Его последователи не считали, что он был слишком строг с ней. Когда она появлялась на публике, некоторые называли ее идолопоклонницей, а дети говорили ей, что слушать мессу - это грех. Эдинбургские магистраты издали указ об изгнании "монахов, монахов, священников, монахинь, прелюбодеев и всех нечистых на руку людей".15 Мария сместила магистрат и приказала провести новые выборы. В Стирлинге священников, пытавшихся прислуживать ей, прогнали с окровавленными головами, "пока она беспомощно плакала".16 Генеральная ассамблея Кирка потребовала запретить ей слушать мессу где бы то ни было, но лорды Совета отказались подчиниться. В декабре 1561 года между Советом и Кирком разгорелся жаркий спор о распределении церковных доходов: протестантским священнослужителям отводилась шестая часть, королеве - шестая часть, католическому духовенству (по-прежнему составлявшему подавляющее большинство) - две трети. Нокс подытожил этот вопрос, сказав, что две части были отданы дьяволу, а третья была разделена между дьяволом и Богом.17 Священнослужители получали в среднем сто марок (3 333 доллара?) в год.18

В течение всего последующего года духовенство Кирка продолжало осуждать королеву. Их возмущали маскарады и пиршества, пение, танцы и флирт, которые происходили при дворе Марии. В ответ на протесты королева сократила свои развлечения, но священнослужители считали, что ей еще далеко до этого, ведь она по-прежнему слушала мессу. "Джон Нокс, - писал один из современников, - гремит с кафедры, так что я ничего так не боюсь, как того, что в один прекрасный день он всех перессорит. Он правит бал, и перед ним все люди стоят в страхе".19 Здесь Реформация вновь столкнулась с Ренессансом.

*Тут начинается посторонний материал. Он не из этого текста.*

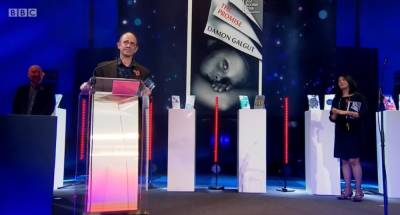 Дэймон Гэлгут из ЮАР стал лауреатом Букеровской премии 2021 года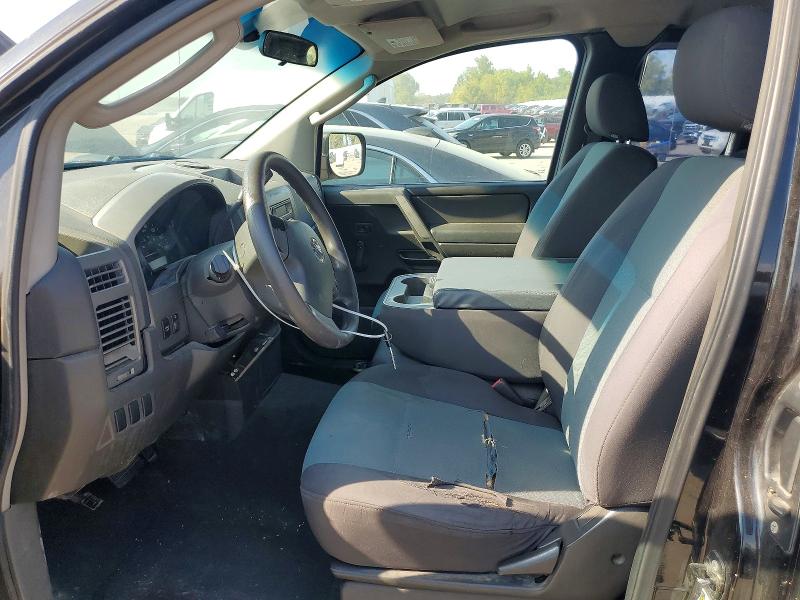 Aukcja sprzedaży 2006 Nissan Titan, vin: 1N6BA06B06N521436, numer aukcji: 69191266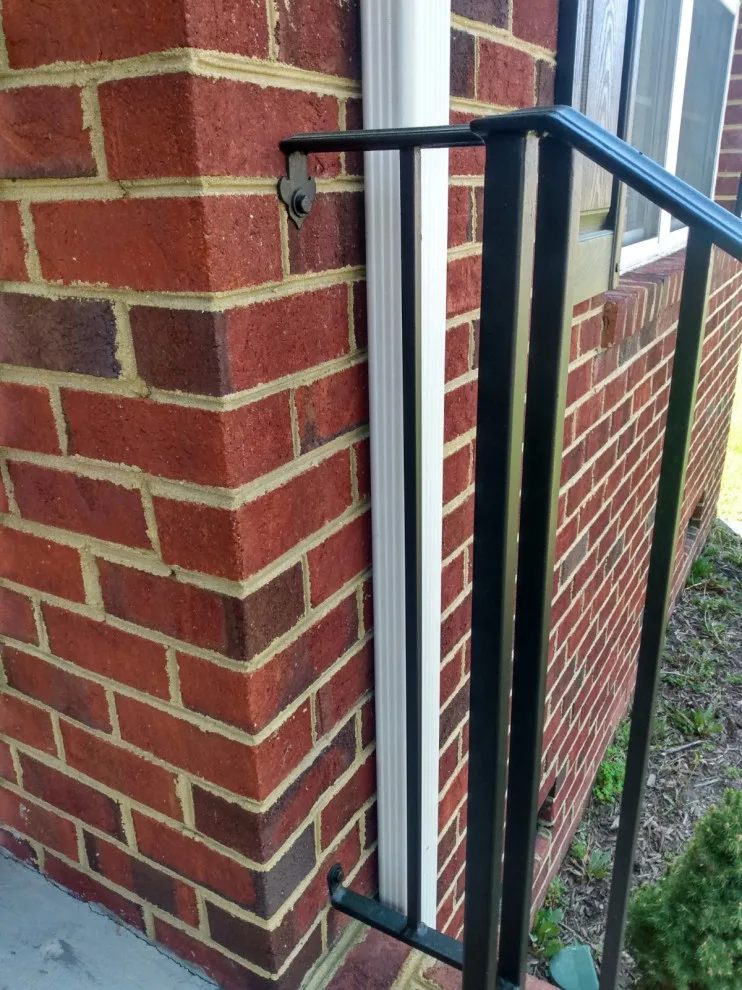 Suffolk Shutters and Handrails by Bucephalus Production LLC - Photo 7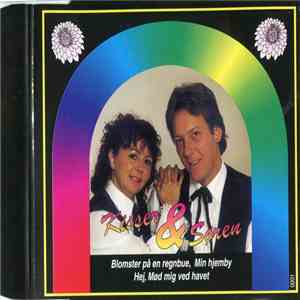 Kisser & Søren - Blomster På En Regnbue download free Kisser & Søren - Blomster På En Regnbue download mp3 flac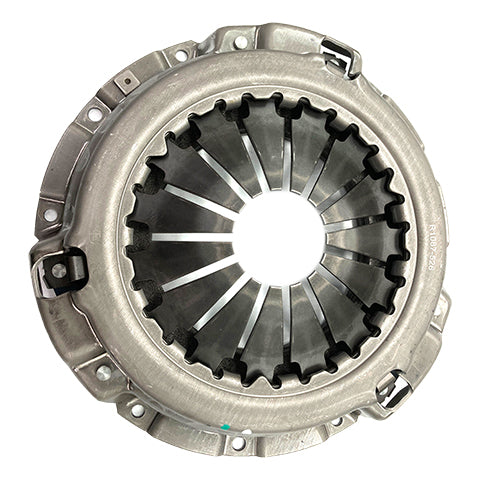 Clutch Industries Premium OEM Replacement Clutch Kit - R2653N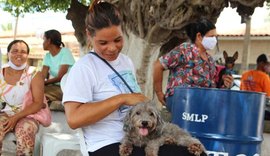 Prefeitura de Coruripe realiza 1ª Feira de Adoção de Animais nesta quarta-feira (21)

15 декабря 1562 года Мария вызвала Нокса. Перед Мюрреем, Летингтоном и другими она обвинила его в том, что он учит своих последователей ненавидеть ее. Он ответил, что "принцы... больше упражняются в игре и метании, чем в чтении или слушании благословенного Слова Божьего; и льстецы... более ценны в их глазах, чем люди мудрые и серьезные, которые, путем полезного наставления, могли бы подавить в них часть того тщеславия и гордости, на которые все рождаются, но в принцах пускают глубокие корни и укрепляются нечестивым воспитанием". По словам Нокса, королева ответила (с несвойственной ей кротостью): "Если вы слышите в себе что-то, что вам не нравится, придите к себе и скажите мне, и я вас выслушаю"; а он ответил: "Я призван, мадам, на общественную должность в кирхе Божьей и назначен Богом обличать грехи и пороки всех. Мне не дано прийти к каждому человеку в отдельности , чтобы показать ему его обиду, ибо труд этот был бы бесконечен. Если вашей милости будет угодно часто посещать публичные проповеди, то не сомневаюсь, что вы полностью поймете, что мне нравится и что не нравится".20

Она отпустила его с миром, но война конфессий продолжалась. На Пасху 1563 года несколько католических священников, которые нарушили закон, отслужив мессу, были схвачены местными агентами, и им угрожала смерть за идолопоклонство.21 Некоторых посадили в тюрьму, некоторые сбежали и спрятались в лесу. Мария снова послала за Ноксом и ходатайствовала за заключенных священников; он ответил, что если она будет исполнять закон, то гарантирует покорность протестантов, в противном случае, по его мнению, паписты заслуживают урока. "Я обещаю сделать все, что вы потребуете", - сказала она, и на мгновение они стали друзьями. По ее приказу архиепископ Сент-Эндрюс и еще сорок семь священников предстали перед судом за совершение мессы и были приговорены к тюремному заключению. Священнослужители ликовали, но через неделю (26 мая 1563 года), когда Мария и ее дамы явились в парламент в своих лучших нарядах и некоторые из людей воскликнули: "Боже, благослови это милое лицо!", священнослужители осудили "нацелованность [кисточку] их хвостов", а Нокс написал: "Такой вонючей гордости женщин... никогда еще не видели в Шотландии".22

Вскоре после этого он узнал, что Летингтон пытается устроить брак между Марией и доном Карлосом, сыном Филиппа II. Чувствуя, что такой брак станет роковым для шотландского протестантизма, Нокс высказал свое мнение по этому поводу в проповеди, прочитанной дворянам, присутствовавшим в парламенте:

А теперь, милорды, чтобы положить конец всему, я услышал о браке королевы... Вот что, милорды, я скажу: Всякий раз, когда дворянство Шотландии, исповедующее Господа Иисуса, соглашается, чтобы неверный (а все паписты - неверные) стал главой вашего государя, вы делаете все, что в ваших силах, чтобы изгнать Христа Иисуса из этого королевства.23

Королева вышла из себя. Она вызвала его и спросила: "Какое отношение вы имеете к моему браку? Или кто вы в этом содружестве?". Он дал знаменитый ответ: "Я рожден в этом государстве, мадам. И хотя я не граф, не лорд и не барон в нем, но Бог сделал меня (каким бы ничтожным я ни был в ваших глазах) его выгодным членом".24 Мария разрыдалась и попросила его покинуть ее.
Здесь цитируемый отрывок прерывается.